15.01.2018

Topologische Isolatoren aus amorphem Metamaterial

Verknüpfte Kreisel liefern neuen Ansatz für viel­seitiges Material­system.

Topologische Isolatoren bilden eine noch sehr junge Material­klasse, die in sich schein­bar wider­sprüch­liche Eigen­schaften kombi­nieren. So können diese Meta­materi­alien elek­trischen Strom an ihrer Ober­fläche gut leiten, ver­halten sich im Innern aber wie ein Iso­lator.

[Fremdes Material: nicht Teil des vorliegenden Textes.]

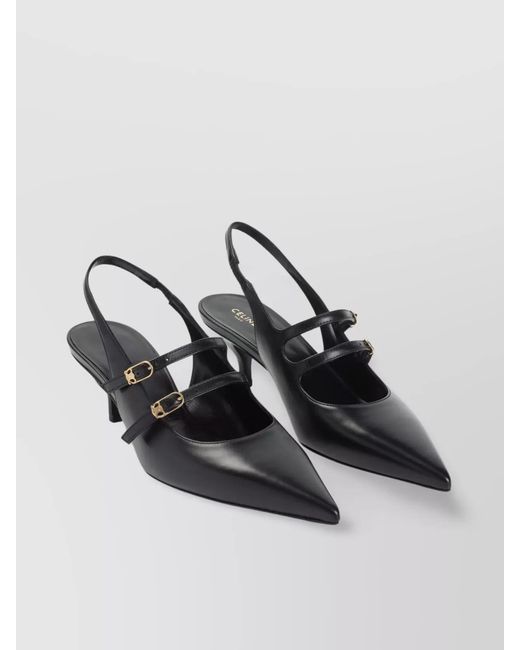 Céline Black Leather Double Strap Mules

Bisher bestehen topo­lo­gische Isola­toren aus streng geord­neten, kristal­linen Schichten. Doch auch unge­ord­nete, amorphe Materi­alien sollen prinzi­piell topo­lo­gische Isola­toren bilden können, wie jetzt Forscher der Univer­sity of Chicago berichten. Mit komplexen Simu­la­tionen und Experi­menten mit mit­ein­ander ver­knüpften, rotie­renden Kreiseln konnten sie zeigen, dass trotz einer Anord­nung der Kreisel in einem will­kür­lichen, unge­ord­neten System ein Ver­halten auf­trat, dass die Mög­lich­keit neu­artiger topo­lo­gischer Isola­toren ohne einen geord­neten inneren Auf­bau nahe­legt.

Abb.: Mechanisches Modell für eine topo­lo­gischen Iso­lator aus mit Federn ver­knüpften rotie­renden Kreiseln. (Bild: N. Mitchell, U. Chicago)

Noah Mitchell und seine Kollegen wählten mit Federn verknüpfte Kreisel als eine ideale Platt­form, um die Physik von topo­lo­gischen Meta­materi­alien zu unter­suchen. Mit diesem mecha­nischen System konnten die Forscher das Wechsel­spiel von Atomen und Elek­tronen in einem topo­lo­gischen Iso­lator simu­lieren. So stabili­sierten sich die rotie­renden Kreisel – ange­trieben mit kleinen Elektro­motoren – an jeweils festen Posi­tionen. Ein Ver­halten, dass dem eines elek­trischen Iso­lators ohne Fähig­keit zur Strom­leitung ent­sprach.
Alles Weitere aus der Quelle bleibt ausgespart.